• [Aim of the exercise]: Quote the whole listing word for word. Do not include the pictures.

• • •

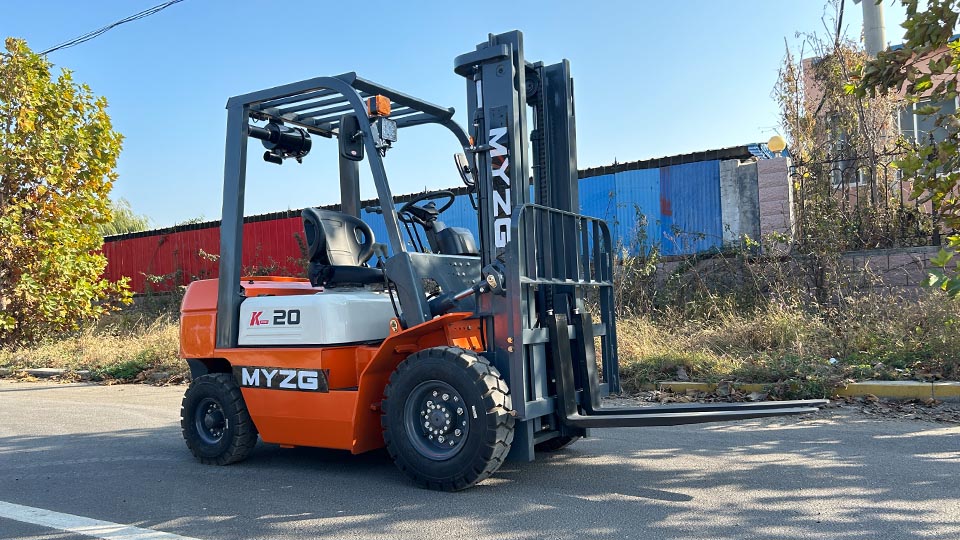 can you drive a forklift with one eye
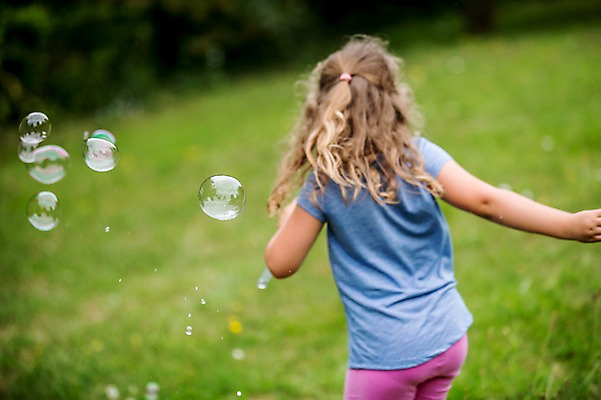 포토 JPG 주간 서양인 외국인 여자 어린이 한명 서기 초원 상반신 야외 뒷모습 소풍 비눗방울 소녀한명만 국내포토 자연요소 1 뷰포인트 모션 사람 인종 야외활동 여자한명만 소녀만 파일형식
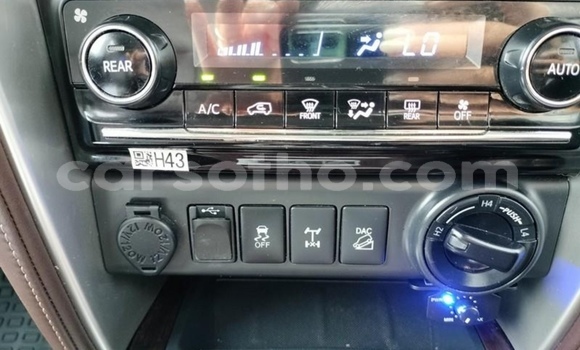 Acheter Occasion Voiture Toyota Fortuner Blanc à Maputsoe, Leribe Acheter Occasion Voiture Toyota Fortuner Blanc à Maputsoe, Leribe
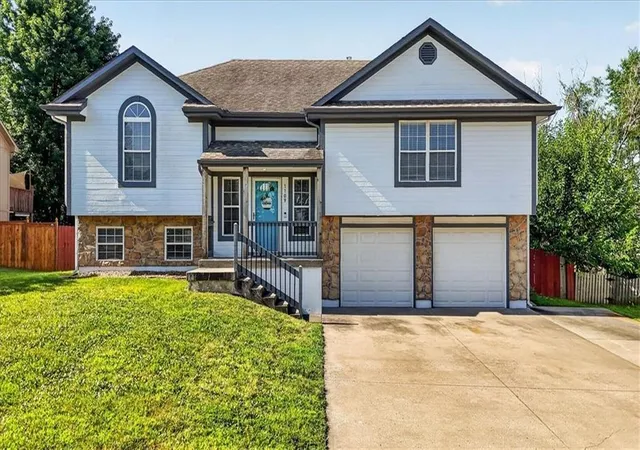 1st image of 1109 White Oak Ct, Raymore, MO 64083 | MLS# 2630318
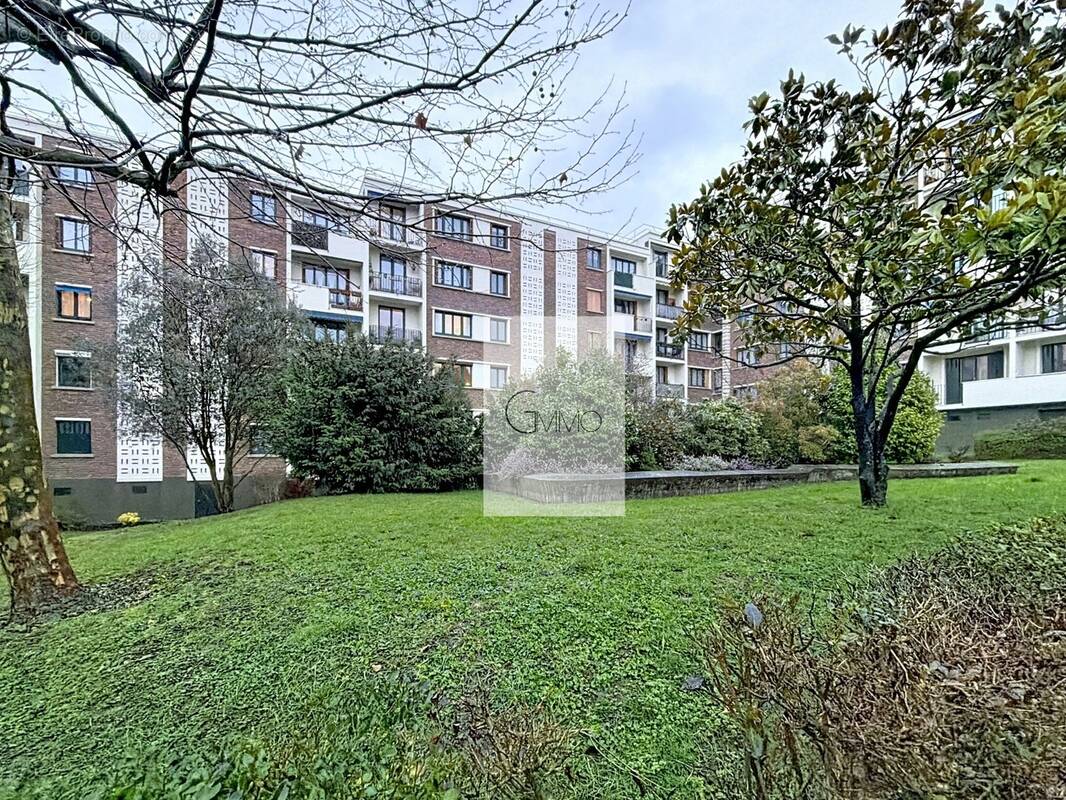 Appartement à L'HAY-LES-ROSES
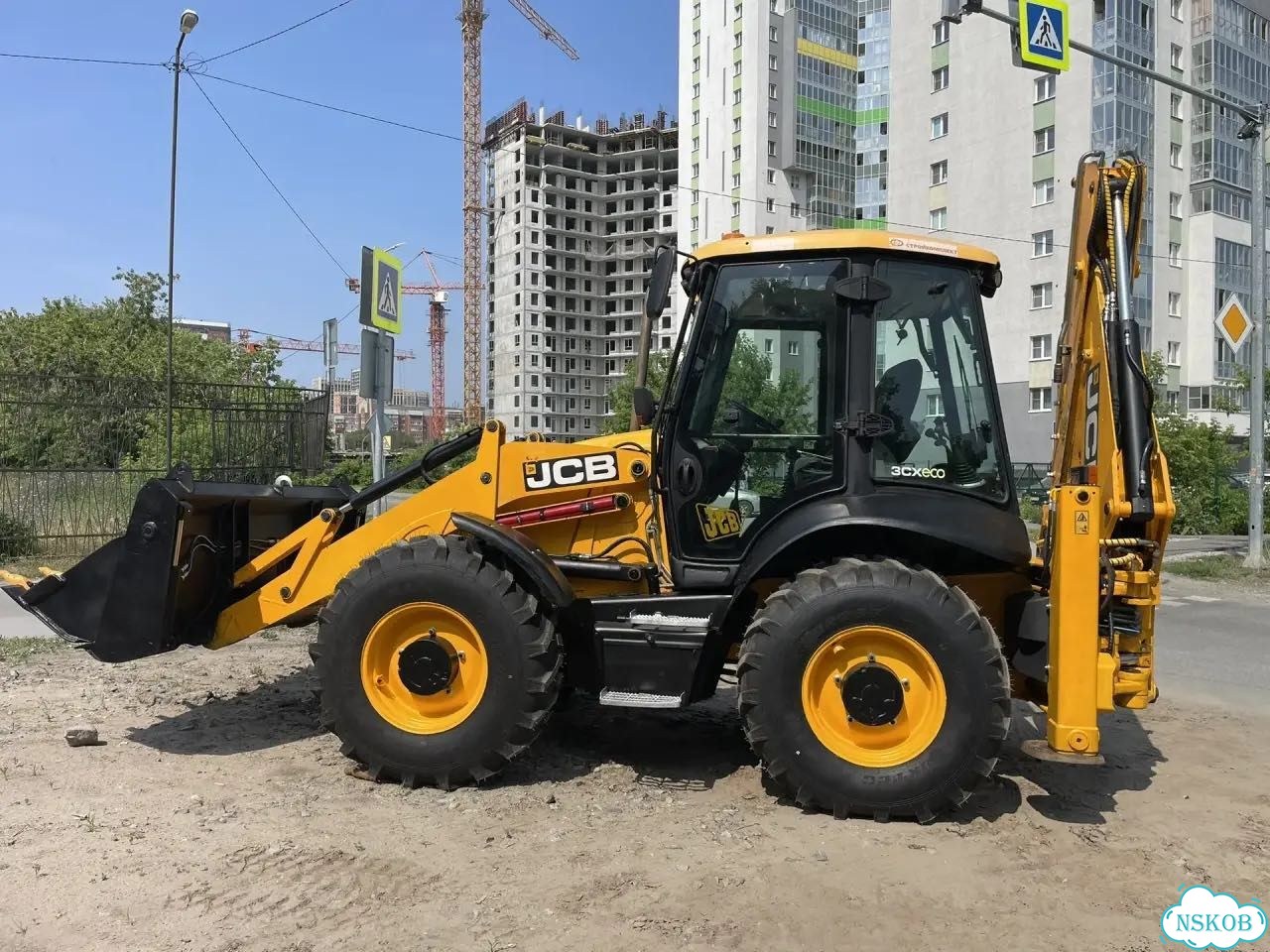 Экскаватор-погрузчик JCB 3CX Super Sitemaster, 2011 фото 3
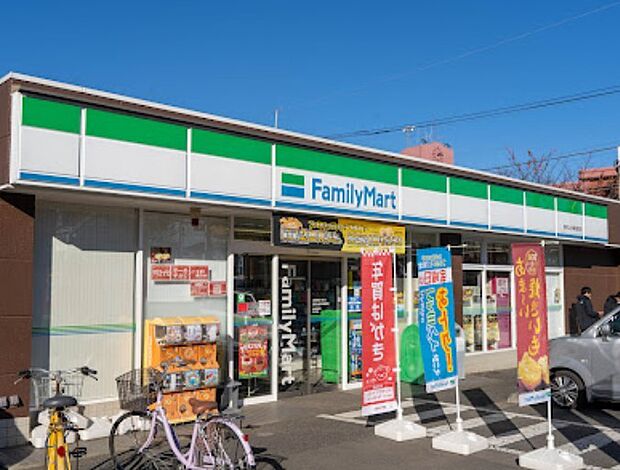 ファミリーマート 東村山多摩湖町店（約960m・徒歩12分）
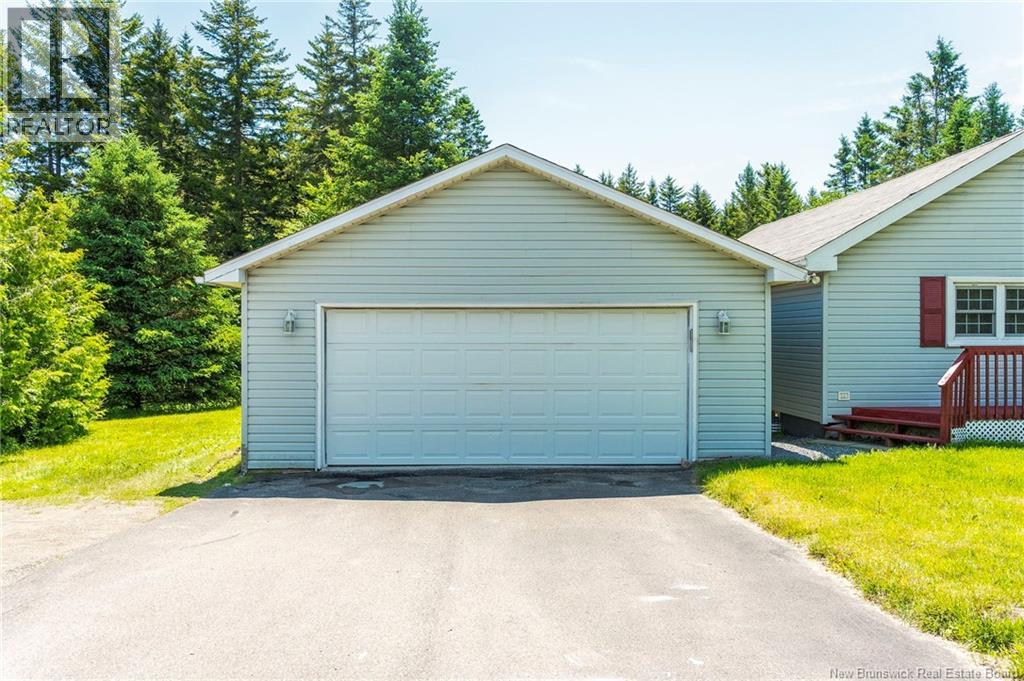 3066 Loch Lomond Road - 37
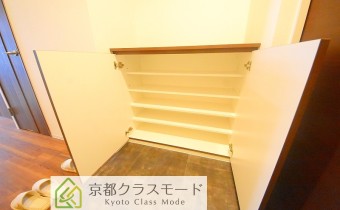 シューズボックス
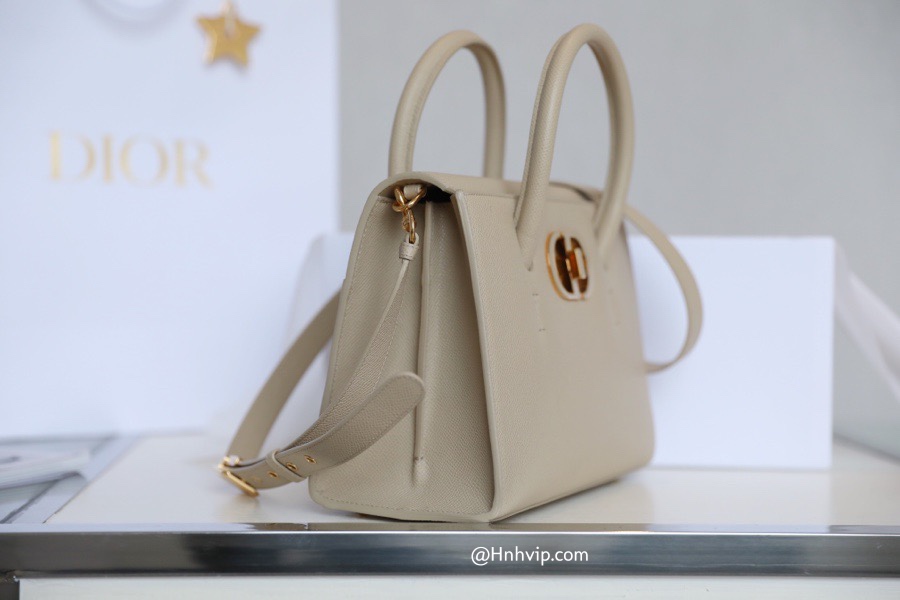 DIOR MEDIUM ST HONORÉ TOTE IVORY Grained Calfskin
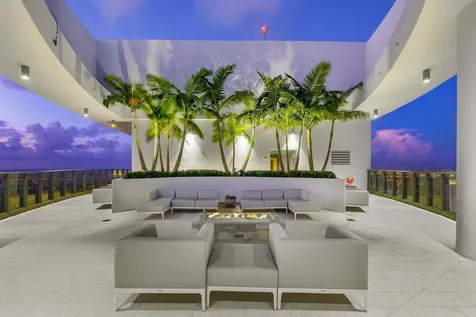 500 E Las Olas Boulevard Fort Lauderdale FL 33301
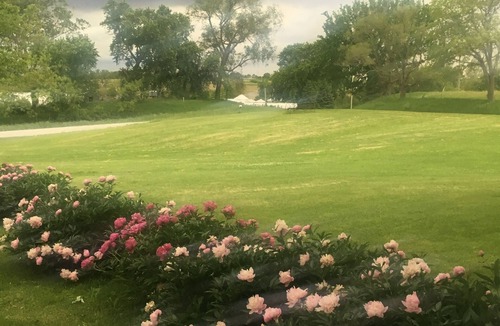 Mills County House | Country Acreage: Escape, Relax, Renew.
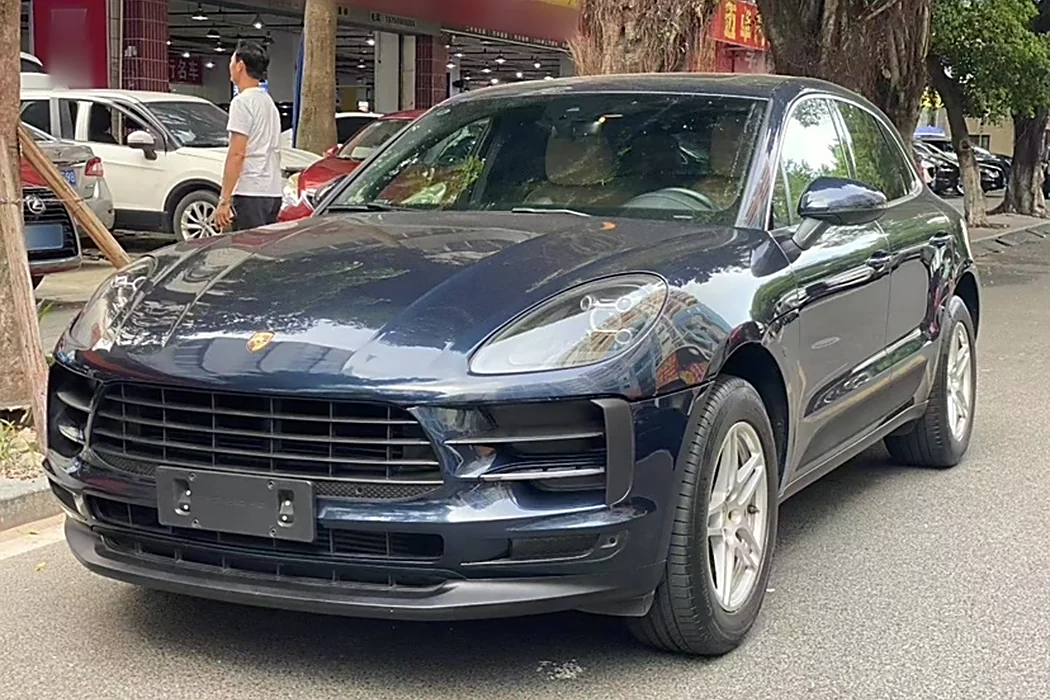Porsche 2020 Macan 2.0T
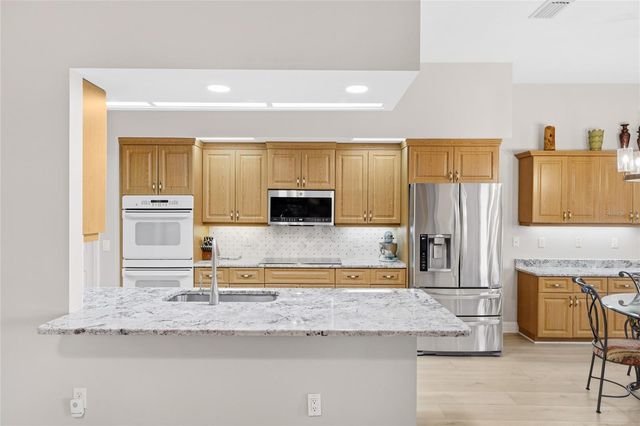 6115 9TH AVENUE CIRCLE NE, Bradenton, FL 34212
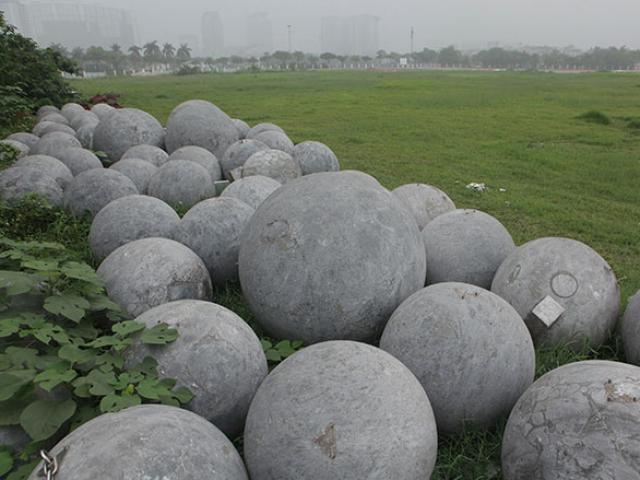 Tin tức trong ngày - 40 quả "bóng xích" có được chuyển về vị trí cũ ở sân Mỹ Đình?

• • •

• [Solution to this problem]:
 can you drive a forklift with one eye
 포토 JPG 주간 서양인 외국인 여자 어린이 한명 서기 초원 상반신 야외 뒷모습 소풍 비눗방울 소녀한명만 국내포토 자연요소 1 뷰포인트 모션 사람 인종 야외활동 여자한명만 소녀만 파일형식
 Acheter Occasion Voiture Toyota Fortuner Blanc à Maputsoe, Leribe Acheter Occasion Voiture Toyota Fortuner Blanc à Maputsoe, Leribe
 1st image of 1109 White Oak Ct, Raymore, MO 64083 | MLS# 2630318
 Appartement à L'HAY-LES-ROSES
 Экскаватор-погрузчик JCB 3CX Super Sitemaster, 2011 фото 3
 ファミリーマート 東村山多摩湖町店（約960m・徒歩12分）
 3066 Loch Lomond Road - 37
 シューズボックス
 DIOR MEDIUM ST HONORÉ TOTE IVORY Grained Calfskin
 500 E Las Olas Boulevard Fort Lauderdale FL 33301
 Mills County House | Country Acreage: Escape, Relax, Renew.
Porsche 2020 Macan 2.0T
 6115 9TH AVENUE CIRCLE NE, Bradenton, FL 34212
 Tin tức trong ngày - 40 quả "bóng xích" có được chuyển về vị trí cũ ở sân Mỹ Đình?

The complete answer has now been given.